Their first greeting is a lingering hug, probably the most touch Chiron has experienced in a decade and something starts to unravel. When Kevin makes Chiron dinner at his restaurant, it speaks volumes. He makes him a traditional Cuban dish--how could it not remind him of Juan?--and then pushes him to speak, just as Juan did on their first fateful meeting. “Grandma rules. You eat, you speak! (laughs)” (Moonlight). While harkening back to Chiron’s reclusiveness and the first man to draw him out, the vulnerability required of Chiron is immense. We see it in the moment Chiron is watching the door (sitting in a position where he can see everything, as trained by Juan), considering bolting for home. However, it is actually the final scene that reflects the nurturing and gentleness that Chiron ultimately needs. At Kevin’s apartment, he eventually takes the biggest leap of his life: to speak his truth. “You the only man that’s ever touched me. You’re the only one. I haven’t really touched anyone since” (Moonlight).

After a prolonged silence, the film cuts to Kevin comforting Chiron. Holding him. There is no marker of any sexual activity. This is just pure love and touch. Kevin is rubbing Chiron’s scalp, nestling him to his shoulder, being still while Chiron appears to be sniffling--perhaps from crying. It is an amazingly healing scene. They are beyond labels, beyond titles, beyond every black masculine requirement. This is just the space that Chiron needs, but did not know it could exist.

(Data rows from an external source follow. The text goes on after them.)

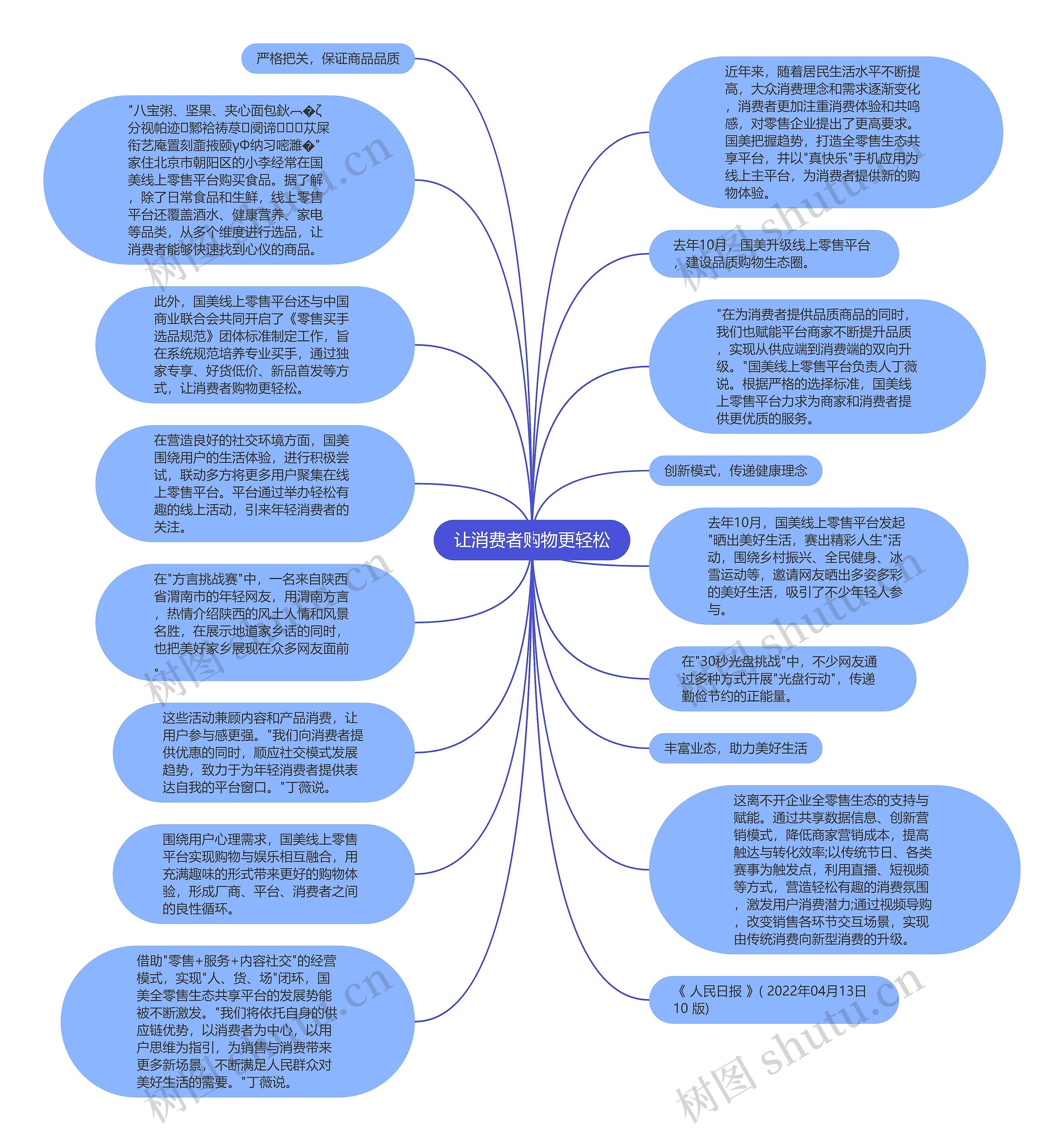 让消费者购物更轻松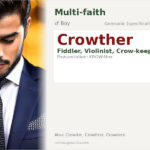 Crowther Name Meaning and Details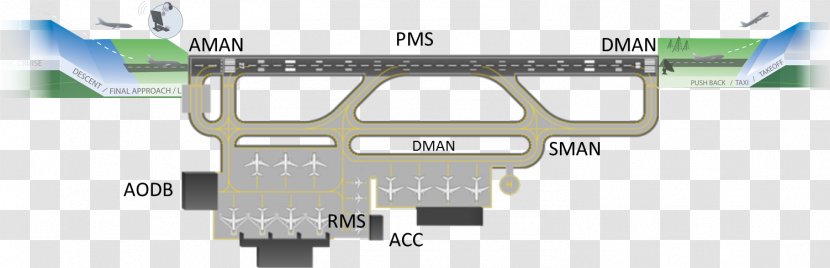 Airport Apron Airplane Aircraft Taxiway - Hawaiian Airlines - Boeing 767 Transparent PNG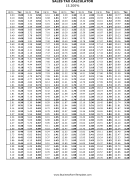 15.2% Sales Tax Calculator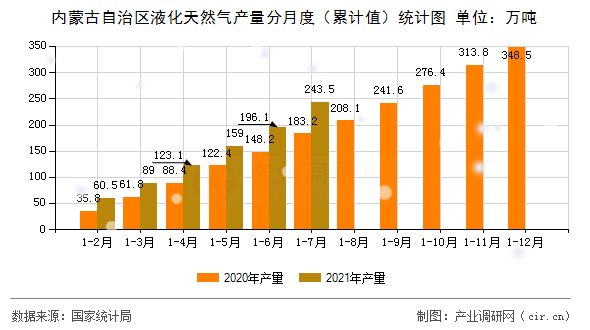內蒙古自治區液化天然氣產量分月度（累計值）統計圖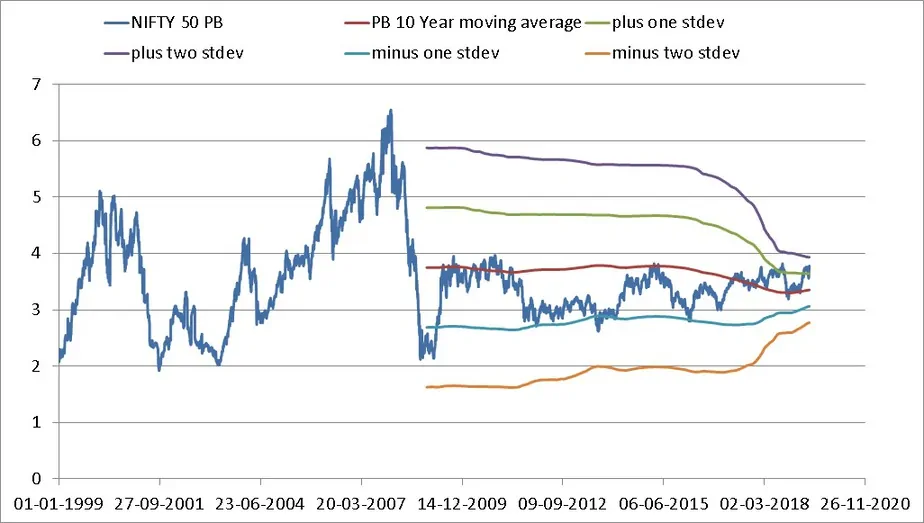 Nifty Valuation Tool screenshots PB and 10 year moving average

Chiron needs to have a space to be vulnerable, and Frank Ocean sings almost exclusively about vulnerability. Black men do not talk about being young, innocent, and definitely not vulnerable. However, he does so in a way that wrenches the heart. In the same way, Moonlight does. Layers of darkness. A blast of light. Moonlight is Blond. A blast of light in deep blue-black night. Moments to breathe without the menace of toxic black masculinity. “I've loved a few men, I've loved a few women.  And a few people have loved me.  That's all that has saved my life” (Baldwin). 

Moonlight is a film about saving Chiron’s life. In a space that is dangerous for a little queer black boy, Chiron finds deep intimacy and support from unlikely places. In the final scene, Chiron is held by Kevin, held tenderly, and it is apparent that what he has always needed was to be held. The importance of this movie is its ability to dismantle traditional ideas of black men. And that, may save our lives.